TASK INSTRUCTIONS >> The records that follow must be repeated exactly, minus the images.

RECORDS SUPPLIED >>
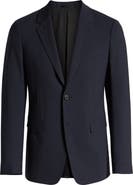 Theory New Tailor Chambers Suit Jacket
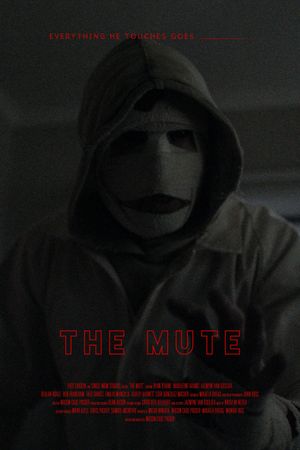 The Mute's poster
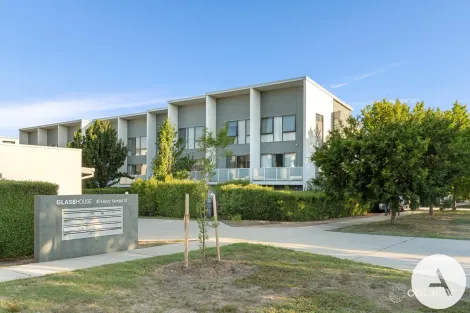 8/40 Henry Kendall St, Franklin, ACT 2913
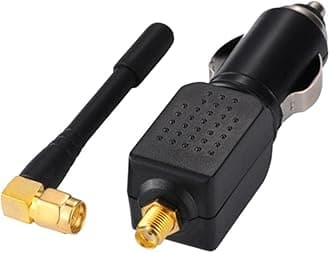 BNF Vehicle GPS Signal Interference Tracking Blocker Anti Tracker Stalking Case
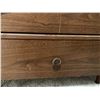 Image 3 : 3-Drawer Wooden Dresser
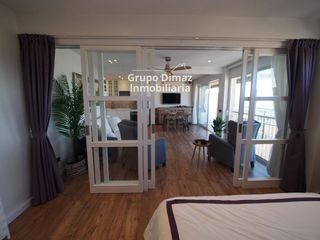 Piso en alquiler en Platja Gran en Palamós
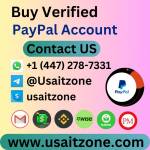 Buy Verified PayPal Account Profile Picture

WRITTEN SOLUTION >>
 Theory New Tailor Chambers Suit Jacket
 The Mute's poster
 8/40 Henry Kendall St, Franklin, ACT 2913
 BNF Vehicle GPS Signal Interference Tracking Blocker Anti Tracker Stalking Case
 Image 3 : 3-Drawer Wooden Dresser
 Piso en alquiler en Platja Gran en Palamós
 Buy Verified PayPal Account Profile Picture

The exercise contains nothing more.